How do you calculate a claim denial rate?
Divide the number of denied claims by the total number of claims submitted in the same period and multiply by 100. A rate below 5 percent is the industry standard. Best-performing practices achieve rates below 2 percent. The HFMA recommends tracking denial rates monthly alongside clean claim rate and days in AR.
What does the denial reason code CO-29 mean?
CO-29 means the claim was submitted after the payer’s timely filing deadline. Once this deadline passes the revenue cannot be recovered through resubmission or appeal. Preventing CO-29 denials requires tracking filing deadlines per payer and running weekly aging reports to identify claims approaching their deadline.
What is the difference between a technical denial and an authorization denial in medical billing?
A technical denial, such as CO-16 or CO-4, results from a fixable administrative or coding error, missing information, wrong modifier, or incorrect code combination. An authorization denial, OA-23, means the service was performed without prior approval from the payer. Technical denials are corrected and resubmitted. Authorization denials require a formal appeal, often including a peer-to-peer review between the treating physician and the payer’s medical director.
How long do you have to appeal a denied Medicare claim?
For Medicare, a redetermination, the first level of appeal, must be filed within 120 days of the denial notice date. The full Medicare appeals process has five levels with increasing timeframes at each stage. Most overturned denials are resolved at the redetermination or Qualified Independent Contractor reconsideration level. Commercial payer appeal windows typically run 30 to 180 days from the denial date depending on the payer contract.
What are the best strategies to reduce claim denials in hospital revenue cycle management?
Hospital-specific denial reduction requires managing DRG assignment accuracy, observation vs inpatient status, charge capture completeness, and revenue code accuracy on UB-04 claims, in addition to the front-end strategies that apply to all practices.

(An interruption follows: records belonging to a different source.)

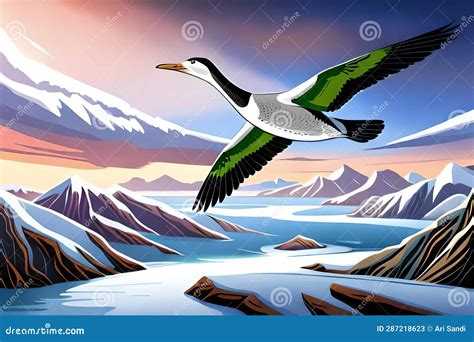 When a Swan is Flying with Wide Wings in the Cold Snow Desert Area ...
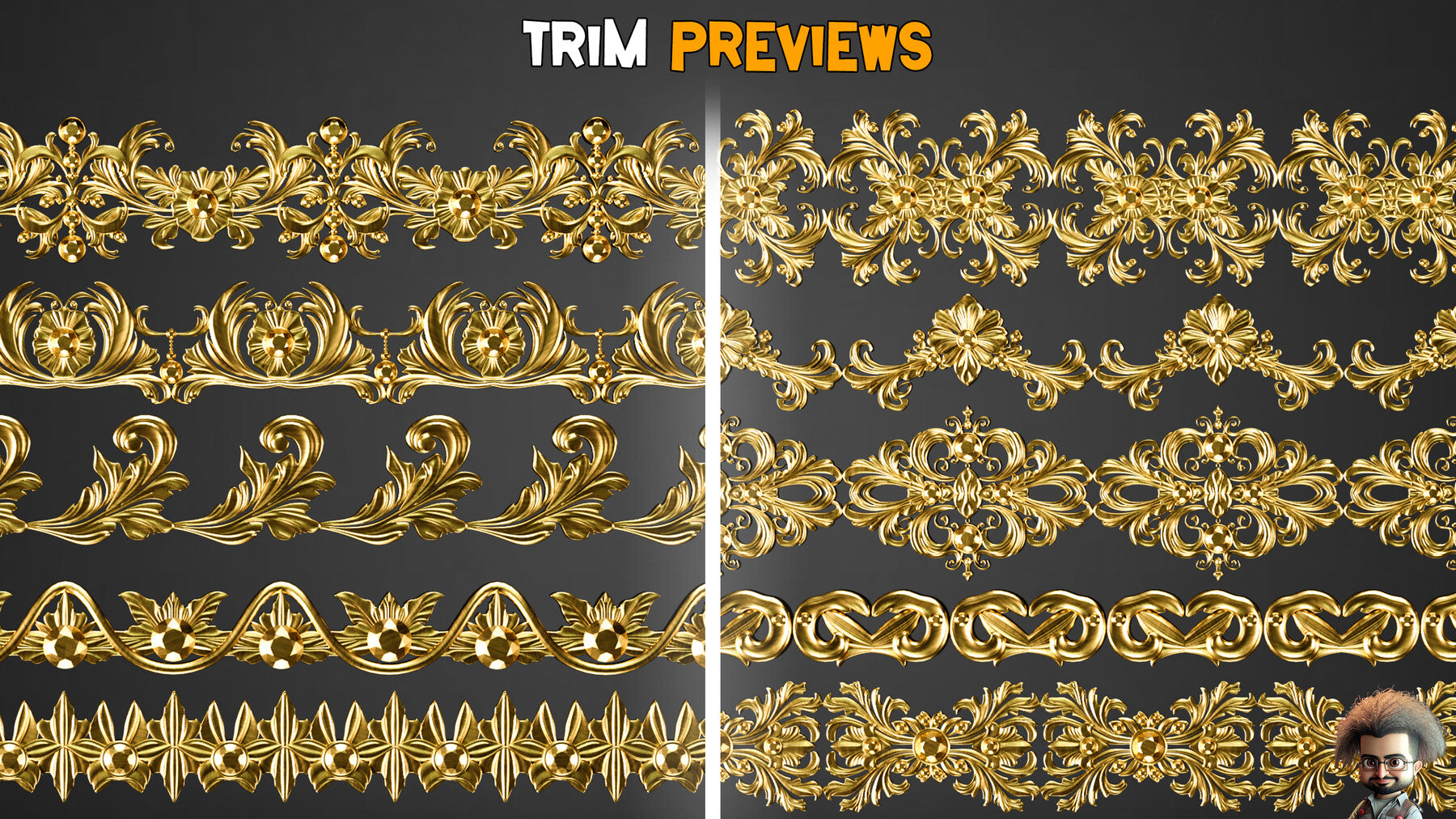 50 Ornamental Trim Brushes + 3D Models - Vol 33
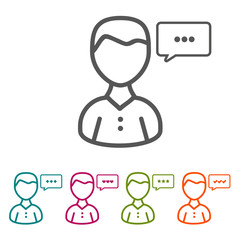 Vector Man Chat icons in thin line Style and flat Design.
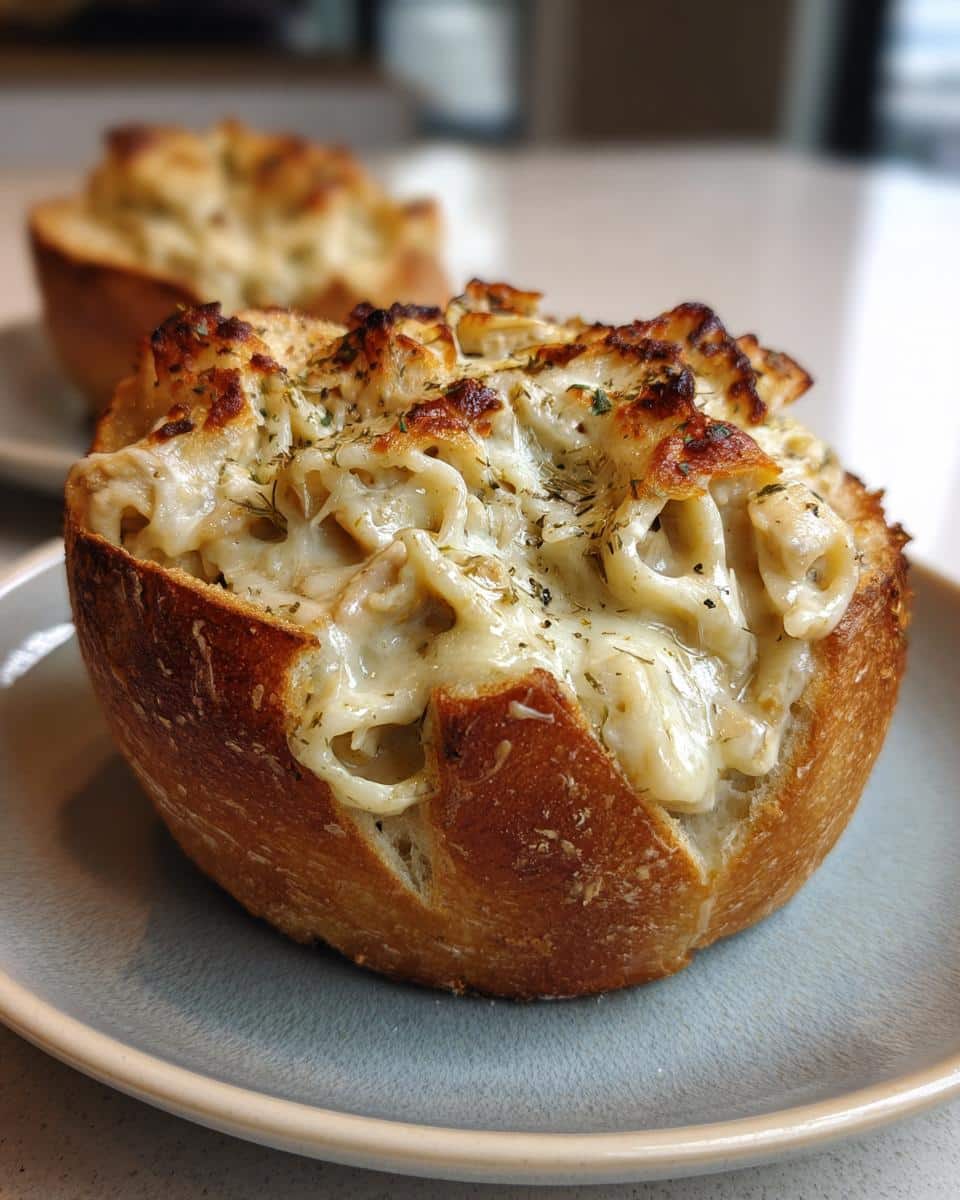 Chicken Alfredo Garlic Bread Bowls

Strategies to reduce denials in hospital revenue cycle management focus heavily on Clinical Documentation Improvement to support DRG weight and medical necessity documentation for high-cost procedures.
What are the best solutions for reducing claim denials in healthcare?
The most effective combination is real-time eligibility verification before every appointment, prior authorization tracking by payer and procedure, regular coding audits to catch NCCI and modifier errors, automated claim scrubbing before submission, and structured denial management workflows that categorize and prioritize denials by CARC code. Practices that implement all five consistently achieve and maintain denial rates below the 5 percent industry benchmark.